I built an evolving self modifying AI agent that monitors webpages without constant LLM calls

#ai #opensource #agents #programming

Background

Many AI agents have these two big problems.

Problem 1: Token waste during waiting

A lot of agents I've seen handle "waiting" poorly. If you want the agent to monitor a webpage until something changes — like a price update, a status change, or a specific piece of text appearing — the usual approach is to either:

keep calling the LLM in a loop ("is it there yet? is it there yet?")

That burns through tokens and requests even though the agent isn't really doing that much.

Problem 2: Fixed toolsets

Many agents ship with a fixed set of tools. If you give them a task that doesn't fit those tools well, they either fail, hallucinate a solution, or you have to go add a new tool yourself.

I wanted an agent that could notice when it's missing a capability and just... build it.

What I built

The project is called GrimmBot. It's an open-source AI agent that runs inside a Docker container with a full Debian-based desktop environment, a browser, and a set of built-in tools.

But the two features I think make it different are:

Zero-token monitoring mode
Runtime tool generation

Let me explain how each one works.

Zero-token monitoring

When GrimmBot needs to wait for something — like a webpage to update, a piece of text to appear, or a visual condition to be met — it doesn't keep polling the LLM.

Instead, it hands off the waiting to a local Python watcher loop.

This loop can monitor for:

specific text or regex patterns in the DOM
visual conditions using pixel/color bounding boxes
any other condition you can express in Python

While this loop is running, no LLM calls are made. The model is essentially asleep.

The moment the trigger condition is met, the watcher exits and wakes the agent back up. Only then does it make another API call to continue the task.

So if you ask GrimmBot to "watch this page until this text appears," it will:

set up a local watcher for that condition using the built in tools it has for doing so
suspend LLM usage
wait locally
wake up and resume once the condition is true

This makes long monitoring tasks much more efficient.

Runtime tool generation

GrimmBot ships with 60+ built-in tools for things like:

browser control (clicking, navigation, DOM extraction)
file operations (read, write, patch)
shell commands
screenshots and visual grids
scheduling and memory

But sometimes that's not enough.

If GrimmBot hits a task where none of its existing tools are a good fit, it can write a new one

So if you ask it to do something weird and specific — like parse a proprietary log format, or interact with some niche API — it can try to build the tool itself in python instead of just failing.

These custom tools are persistent.
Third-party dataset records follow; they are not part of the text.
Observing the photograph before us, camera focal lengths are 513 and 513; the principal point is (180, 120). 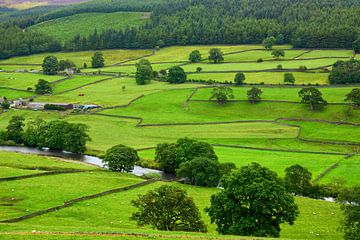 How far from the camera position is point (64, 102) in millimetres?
165250

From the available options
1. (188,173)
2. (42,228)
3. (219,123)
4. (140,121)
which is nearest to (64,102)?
(140,121)

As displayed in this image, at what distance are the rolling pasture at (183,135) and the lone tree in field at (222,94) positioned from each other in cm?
223

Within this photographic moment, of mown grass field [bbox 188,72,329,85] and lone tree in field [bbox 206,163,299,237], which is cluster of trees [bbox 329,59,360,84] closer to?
mown grass field [bbox 188,72,329,85]

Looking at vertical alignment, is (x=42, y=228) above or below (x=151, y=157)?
above

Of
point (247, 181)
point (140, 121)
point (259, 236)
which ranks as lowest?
point (140, 121)

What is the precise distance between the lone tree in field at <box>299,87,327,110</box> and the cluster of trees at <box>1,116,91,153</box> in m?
61.3

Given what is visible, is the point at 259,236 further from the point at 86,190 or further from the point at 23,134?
the point at 23,134

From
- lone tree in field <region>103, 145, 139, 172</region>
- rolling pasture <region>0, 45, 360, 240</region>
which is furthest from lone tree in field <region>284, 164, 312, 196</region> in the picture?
lone tree in field <region>103, 145, 139, 172</region>

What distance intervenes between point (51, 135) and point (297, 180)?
61565 millimetres

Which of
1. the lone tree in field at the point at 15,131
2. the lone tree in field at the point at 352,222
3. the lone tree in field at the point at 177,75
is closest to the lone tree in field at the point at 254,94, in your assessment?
the lone tree in field at the point at 177,75

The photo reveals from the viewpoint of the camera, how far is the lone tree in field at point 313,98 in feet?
458

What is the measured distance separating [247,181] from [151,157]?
55.8 m

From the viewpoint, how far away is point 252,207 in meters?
53.9

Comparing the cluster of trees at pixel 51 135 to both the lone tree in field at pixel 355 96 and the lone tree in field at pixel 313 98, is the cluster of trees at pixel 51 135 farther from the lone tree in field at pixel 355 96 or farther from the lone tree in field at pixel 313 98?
the lone tree in field at pixel 355 96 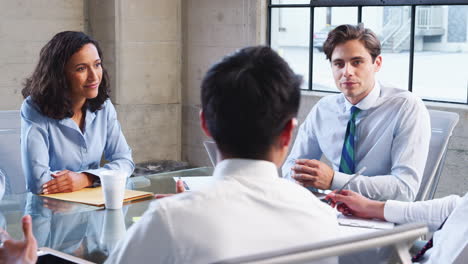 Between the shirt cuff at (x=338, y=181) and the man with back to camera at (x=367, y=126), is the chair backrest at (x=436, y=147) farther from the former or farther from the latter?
the shirt cuff at (x=338, y=181)

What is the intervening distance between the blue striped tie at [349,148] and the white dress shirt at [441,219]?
612 millimetres

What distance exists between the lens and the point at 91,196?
7.98ft

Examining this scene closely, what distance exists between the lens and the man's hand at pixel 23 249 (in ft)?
4.79

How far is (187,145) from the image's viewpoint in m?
5.50

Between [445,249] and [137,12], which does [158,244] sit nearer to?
[445,249]

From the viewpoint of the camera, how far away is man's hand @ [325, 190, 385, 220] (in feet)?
6.95

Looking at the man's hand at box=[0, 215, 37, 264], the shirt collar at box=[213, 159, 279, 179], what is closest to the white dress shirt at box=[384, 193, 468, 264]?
the shirt collar at box=[213, 159, 279, 179]

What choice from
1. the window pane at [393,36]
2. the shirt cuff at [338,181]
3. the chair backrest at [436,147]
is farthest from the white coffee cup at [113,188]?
the window pane at [393,36]

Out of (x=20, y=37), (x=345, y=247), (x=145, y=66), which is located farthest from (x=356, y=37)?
(x=20, y=37)

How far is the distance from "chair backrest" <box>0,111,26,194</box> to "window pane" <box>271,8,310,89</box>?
229 cm

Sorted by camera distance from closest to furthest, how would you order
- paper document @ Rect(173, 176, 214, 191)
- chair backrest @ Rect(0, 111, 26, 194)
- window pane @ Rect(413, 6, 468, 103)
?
paper document @ Rect(173, 176, 214, 191), chair backrest @ Rect(0, 111, 26, 194), window pane @ Rect(413, 6, 468, 103)

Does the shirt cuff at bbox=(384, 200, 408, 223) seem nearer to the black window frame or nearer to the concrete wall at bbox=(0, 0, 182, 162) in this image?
the black window frame

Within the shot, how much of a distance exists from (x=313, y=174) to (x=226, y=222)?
1312 millimetres

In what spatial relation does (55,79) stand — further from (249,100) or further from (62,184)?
(249,100) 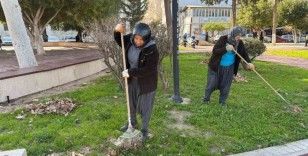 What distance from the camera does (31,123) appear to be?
6.80m

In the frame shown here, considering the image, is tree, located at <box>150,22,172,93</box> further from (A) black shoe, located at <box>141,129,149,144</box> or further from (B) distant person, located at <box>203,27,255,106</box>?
(A) black shoe, located at <box>141,129,149,144</box>

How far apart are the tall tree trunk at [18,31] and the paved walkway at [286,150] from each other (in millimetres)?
6901

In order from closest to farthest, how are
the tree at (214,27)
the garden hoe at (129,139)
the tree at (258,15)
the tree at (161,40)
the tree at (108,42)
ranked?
the garden hoe at (129,139) < the tree at (108,42) < the tree at (161,40) < the tree at (258,15) < the tree at (214,27)

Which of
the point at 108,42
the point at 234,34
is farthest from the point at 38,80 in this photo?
the point at 234,34

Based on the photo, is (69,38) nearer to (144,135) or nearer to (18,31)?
(18,31)

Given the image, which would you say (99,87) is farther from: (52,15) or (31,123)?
(52,15)

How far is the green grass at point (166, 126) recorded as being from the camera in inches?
231

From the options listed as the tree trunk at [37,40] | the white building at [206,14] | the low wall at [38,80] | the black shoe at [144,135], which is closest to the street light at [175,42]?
the black shoe at [144,135]

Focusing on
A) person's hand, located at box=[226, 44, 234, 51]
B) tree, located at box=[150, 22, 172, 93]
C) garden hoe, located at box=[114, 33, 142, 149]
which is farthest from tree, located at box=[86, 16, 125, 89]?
garden hoe, located at box=[114, 33, 142, 149]

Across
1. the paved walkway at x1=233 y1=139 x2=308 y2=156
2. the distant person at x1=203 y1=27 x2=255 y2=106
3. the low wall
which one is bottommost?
the paved walkway at x1=233 y1=139 x2=308 y2=156

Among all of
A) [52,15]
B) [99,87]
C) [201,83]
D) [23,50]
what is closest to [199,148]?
[99,87]

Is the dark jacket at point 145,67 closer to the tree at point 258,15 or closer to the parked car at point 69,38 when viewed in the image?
the parked car at point 69,38

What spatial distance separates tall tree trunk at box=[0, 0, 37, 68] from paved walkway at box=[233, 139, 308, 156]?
272 inches

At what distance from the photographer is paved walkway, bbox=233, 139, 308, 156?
5902 millimetres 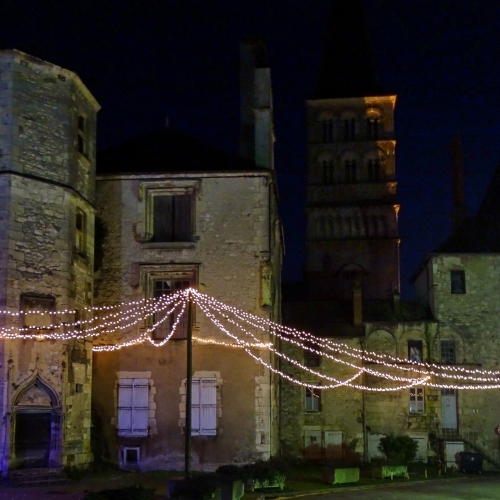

If it builds a tool on Monday, it still has access to it on Tuesday.

The environment

GrimmBot runs fully containerized in Docker.

The container includes:

Debian Bookworm Slim
a headless X11 display using xvfb
VNC access via x11vnc (so you can watch what it's doing)
Chromium browser
Python with common libraries
Java 17 and build tools for code tasks
LiteLLM for model-agnostic API support (works with OpenAI, Anthropic, Gemini, OpenRouter, or local models)

You interact with the agent through an attached terminal, and you can view its desktop over VNC.

There's also a "wormhole" folder — a shared directory between your host machine and the container for passing files in and out.

Human approval for certain actions

I added a system where when the agent tries to take certain actions, you must give it approval for them to work.

Certain actions — like running arbitrary shell commands, creating a custom tool, or navigating outside a list of allowed domains — will pause and ask for approval in the terminal before proceeding.